KBXT
- Wixon Valley, Texas; United States;
- Broadcast area: Bryan-College Station
- Frequency: 101.9 MHz
- Branding: 101.9 The Beat

Programming
- Format: Urban contemporary
- Affiliations: American Urban Radio Networks

Ownership
- Owner: Brazos Valley Communications, Ltd.

History
- First air date: November 1994
- Former call signs: KPXQ (1991–1993, CP); KLTR (1993–1996); KZTR (1996–2007);
- Call sign meaning: From "Beat"

Technical information
- Licensing authority: FCC
- Facility ID: 57802
- Class: A
- ERP: 2,500 watts
- HAAT: 156.2 m (512 ft)
- Transmitter coordinates: 30°48′5″N 96°27′58″W﻿ / ﻿30.80139°N 96.46611°W

Links
- Public license information: Public file; LMS;
- Webcast: Listen live
- Website: 1019thebeatfm.com

= KBXT =

KBXT (101.9 FM, "The Beat") is a radio station broadcasting an Urban Contemporary music format. Licensed to Wixon Valley, Texas, United States, the station is currently owned by Brazos Valley Communications, Ltd. and features programming from American Urban Radio Networks. The station's studios are located in Bryan and its transmitter is located south of Hearne, Texas.

==History==
The station was assigned the call sign KPXQ on July 12, 1991. On December 27, 1993, the station changed its call sign to KLTR, on December 20, 1996 to KZTR, and on December 13, 2007, to the current KBXT.

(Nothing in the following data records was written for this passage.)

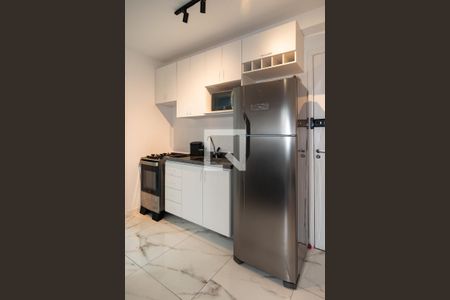 Apartamento para alugar com 1 quarto, 30m² em Bela Vista, São Paulo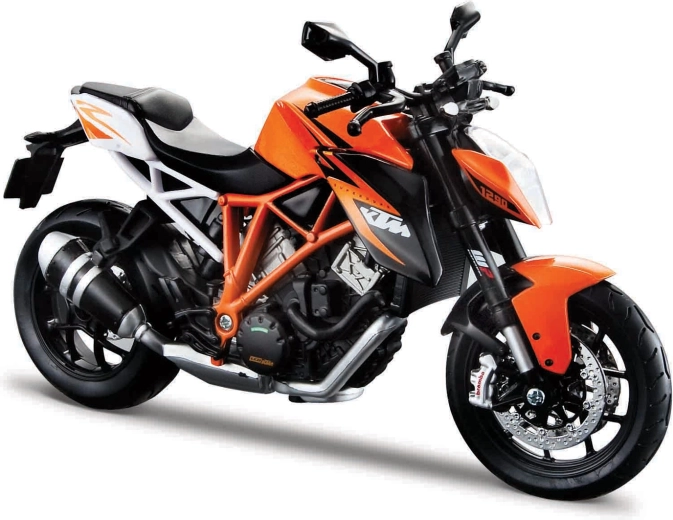 Model motocykla Maisto KTM 1290 Super Duke R 1:12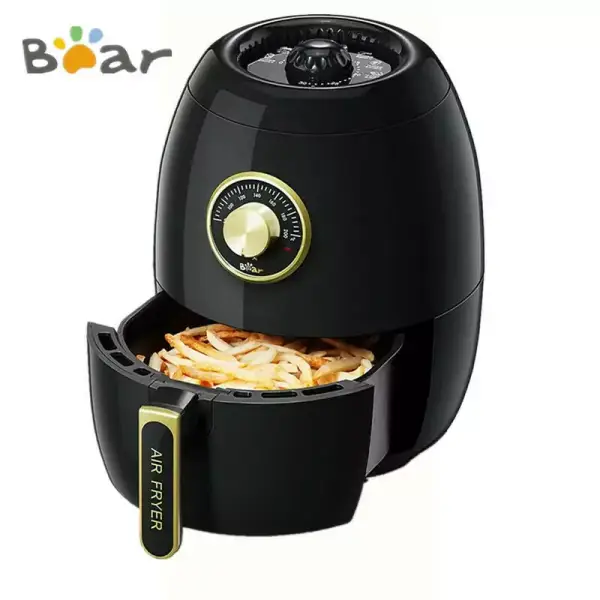 Freidora de aire inteligente Bear 3L 1350W Freidora de aire inteligente Bear 3L 1350W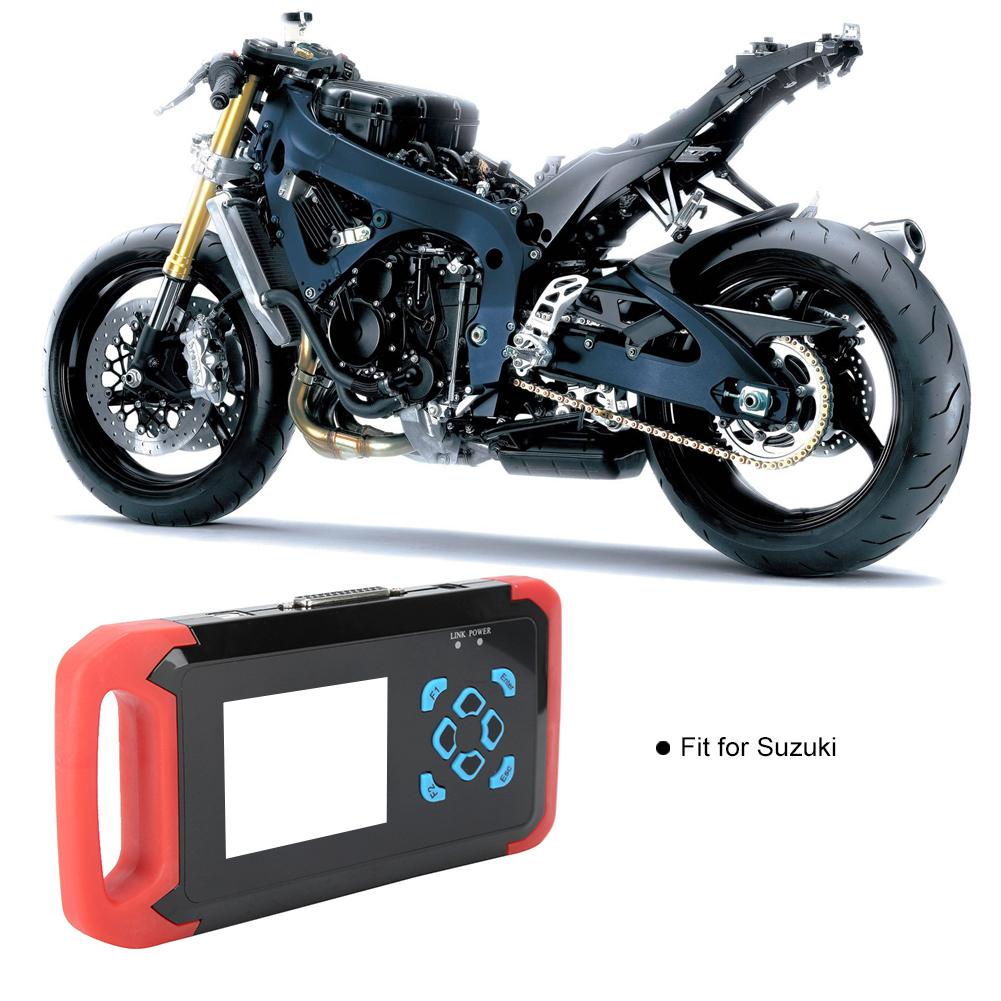 Motorcycle Diagnostic Scanner Motorbike Maintenance Tool Fit for Suzuki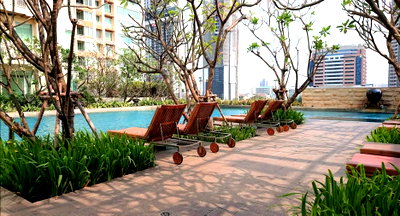 คอนโดให้เช่า : 🔥 ห้องว่าง พร้อมเข้าอยู่! The Empire Place Sathorn รีบจองก่อนหลุด 🔥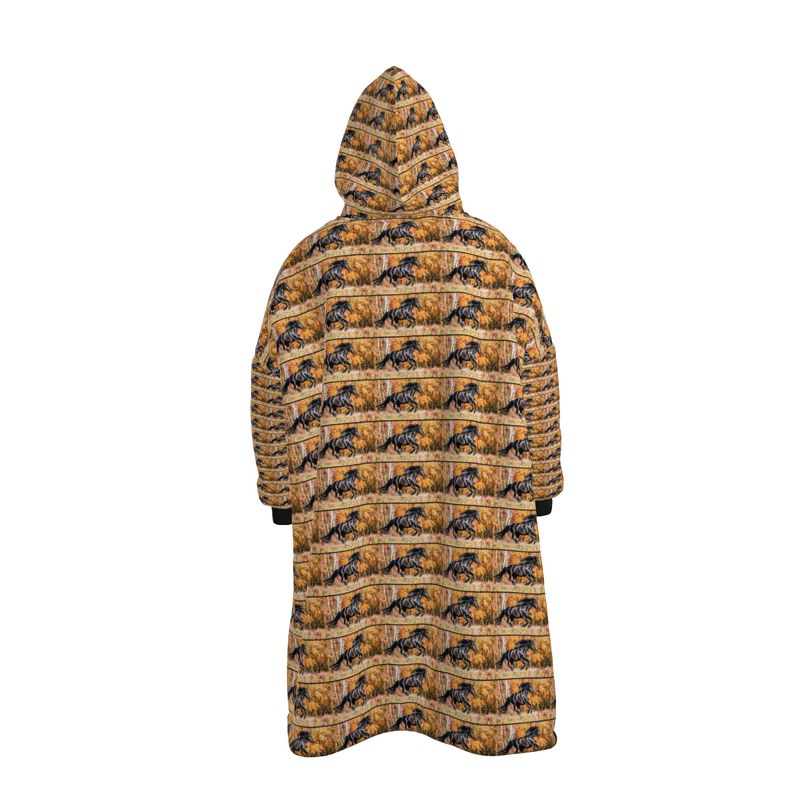 Hoodie Blanket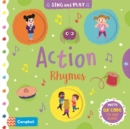 Image for Action rhymes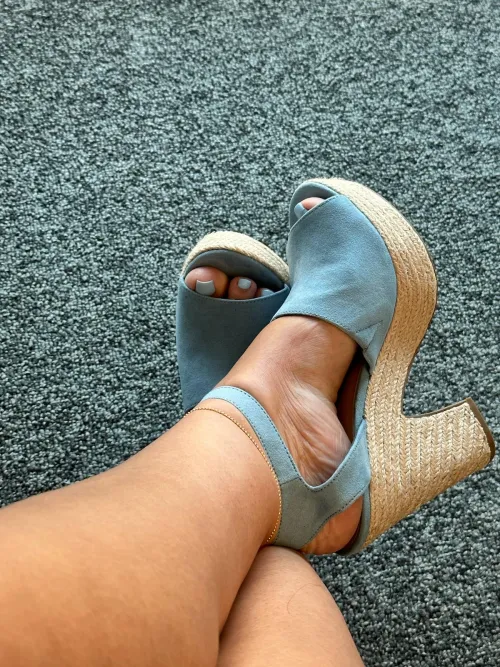 My perfect spring heels Thumbnail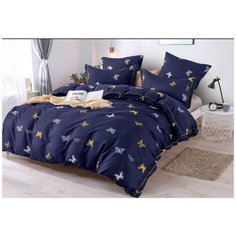 Комплект постельного белья евро ALANCOM8 Alanna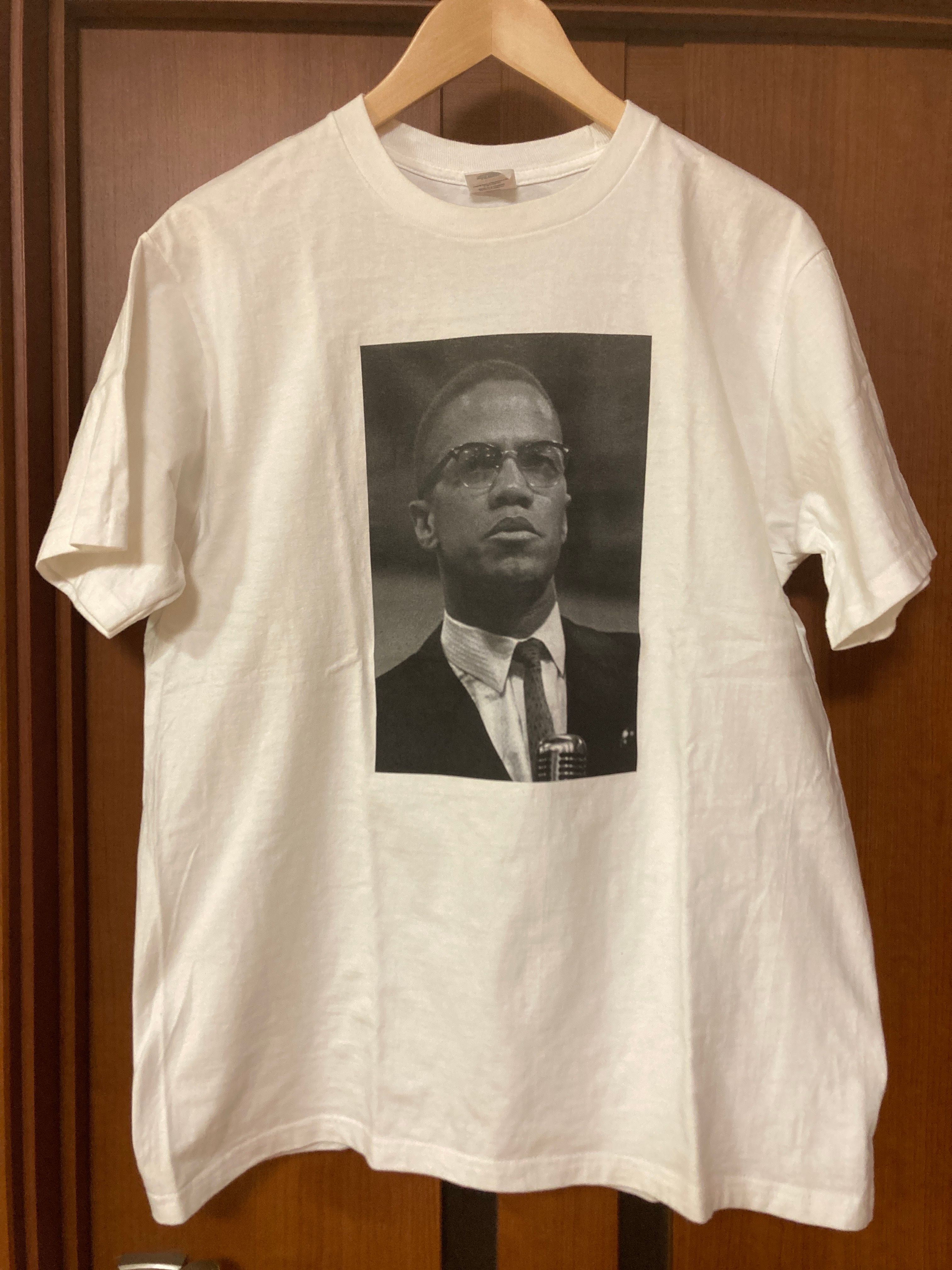 Supreme Malcolm Tee "White"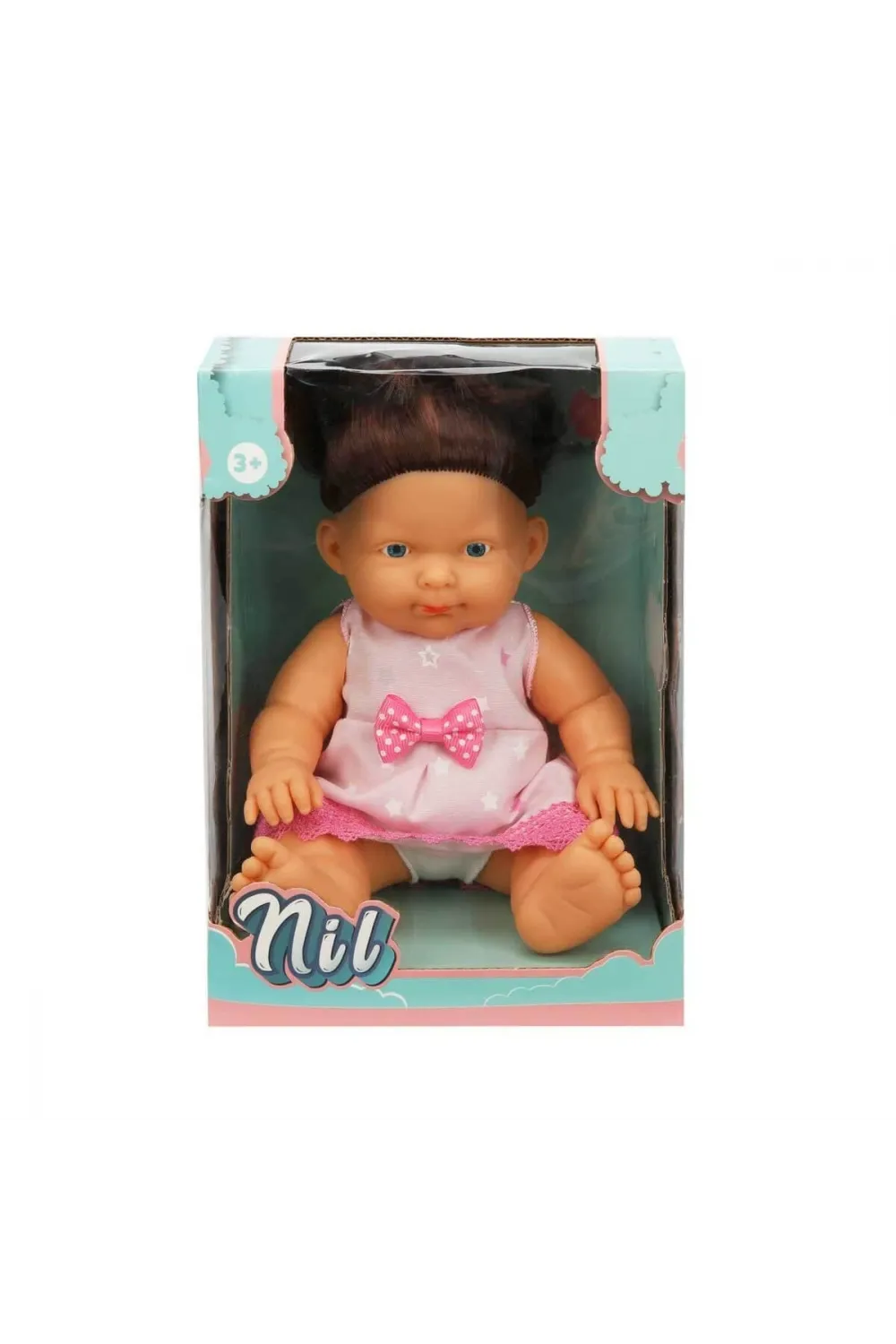 1020010 Sunman, Nil Bebek 23 cm / +3 yaş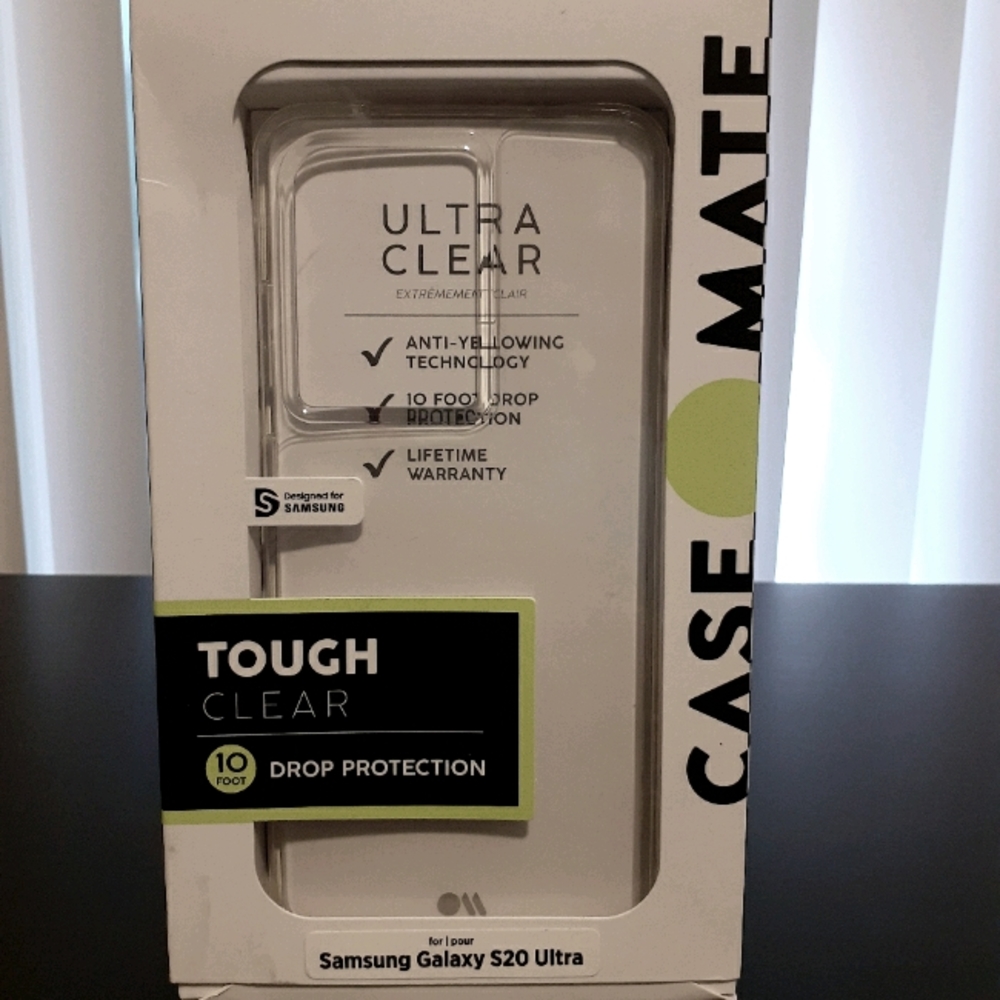 Case Mate Samsung Galaxy S20 Ultra Phone Case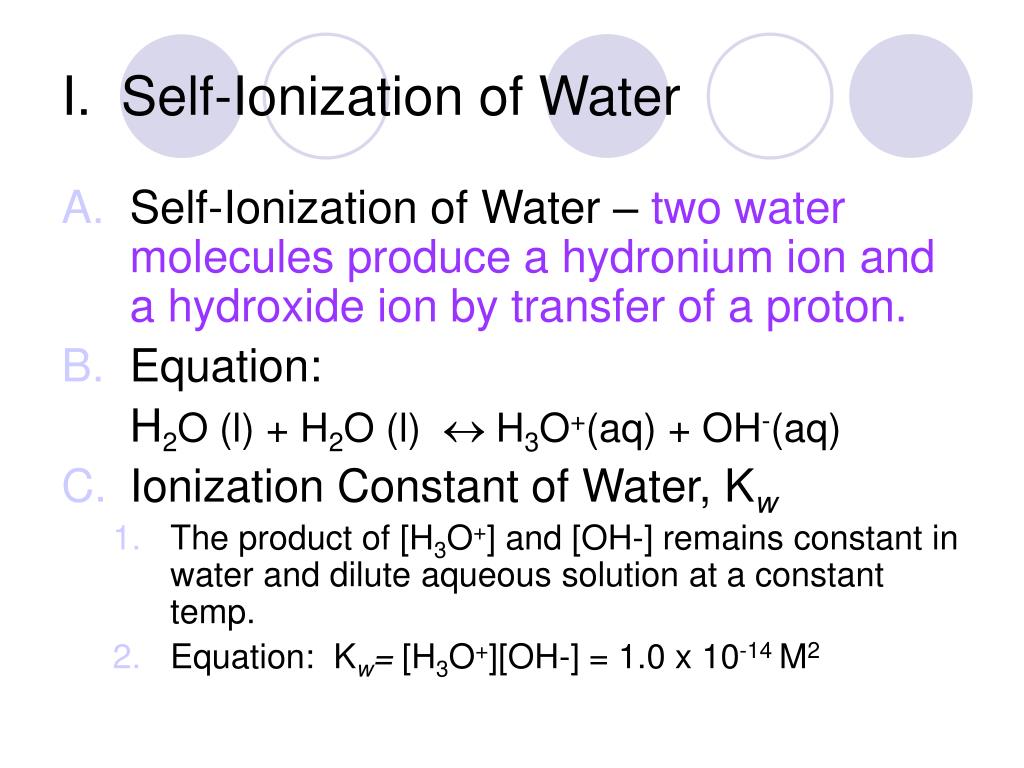 PPT Hydronium Ions and Hydroxide Ions PowerPoint Presentation, free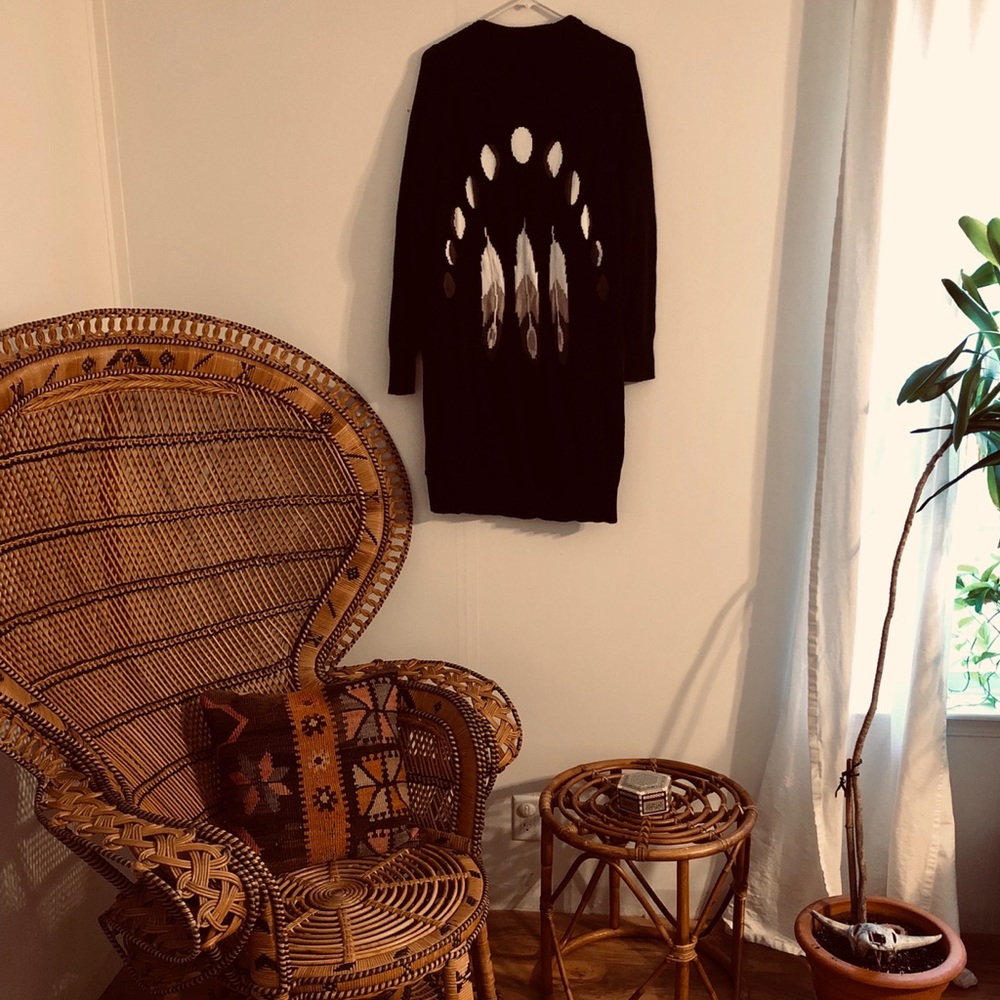 Show Me Your Mumu Sweater!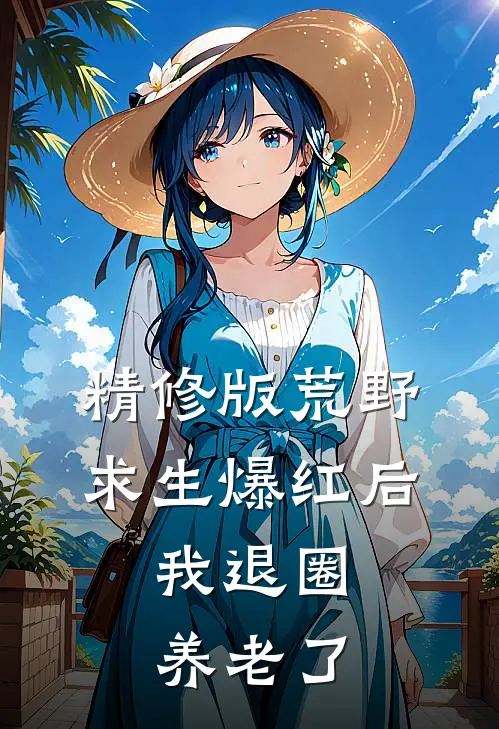 精修版荒野求生爆红后，我退圈养老了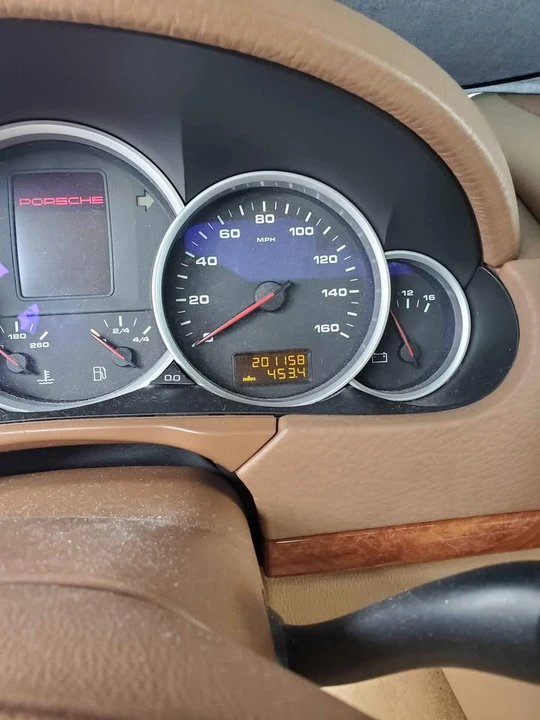 2008 Porsche 955/957 Cayenne S - Image 2 of 7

KZTR had originally signed on as an affiliate of Z-Rock in the mid '90s, moving toward classic rock when the network ceased operations. It took on a Top 40 format as "B-102" in November 1998, only to flip to Adult Contemporary as "101.9 The Valley" in 2001. By 2006 it started simulcasting the same audio as KTAM (1240 AM), whose format is regional Mexican.

On November 29, 2007, KZTR flipped to "The Beat" and adopted a Rhythmic format featuring Hip Hop/R&B and Rhythmic Pop hits. While it is a rhythmic format, it is a Hip Hop/R&B station replacement for KVJM after that station flipped to Spanish language more than a year earlier. KBXT has since shifted towards a Mainstream Urban direction.

The KBXT call sign was previously assigned to a station in the Duluth, MN market at AM 1490.